El tipo delgado se llamaba Rubén y a veces cambiaba la marihuana por casetes de música que probaba en el mismo radiocasete del coche. No tardaron en hacerse amigos. Una tarde, mientras Paul pintaba, apareció por la casita de la playa y Paul le pidió que posara para él. A partir de ese momento nunca más tuvieron que pagar por la marihuana que consumían, aunque a veces Rubén llegaba por la mañana y no se iba hasta bien entrada la noche, lo que para Anne resultaba molesto, pues no sólo tenía que cocinar para una persona más sino que, en su opinión, el mexicano le quitaba intimidad a la vida paradisiaca que habían planeado hacer.
Al principio Rubén sólo hablaba con Paul, como si intuyera que su presencia no era grata para Anne, pero con el paso de los días se hicieron amigos.

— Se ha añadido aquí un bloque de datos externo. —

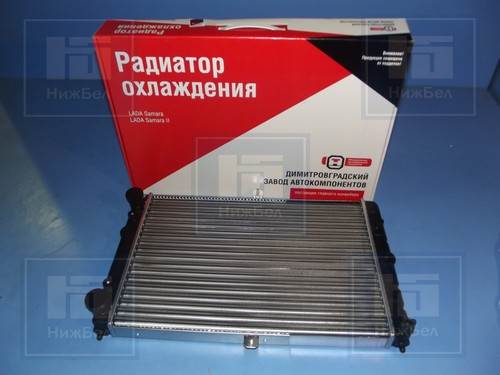 21080130101290 | 2108-00-1301012-090 Радиатор охлаж 2108-099,2113-15 алюм карбюр (ДЗР) упак. ОАТ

Rubén hablaba algo de inglés y Anne y Paul practicaban con él el rudimentario español que ya sabían. Una tarde, mientras nadaban, Anne sintió que Rubén le tocaba las piernas por debajo del agua. Paul estaba en la playa, mirándolos. Cuando Rubén emergió la miró a los ojos y le dijo que estaba enamorado de ella. Ese mismo día, lo supieron después, se ahogó un chico que solía ir a The Frog y con el que ellos habían conversado en un par de ocasiones.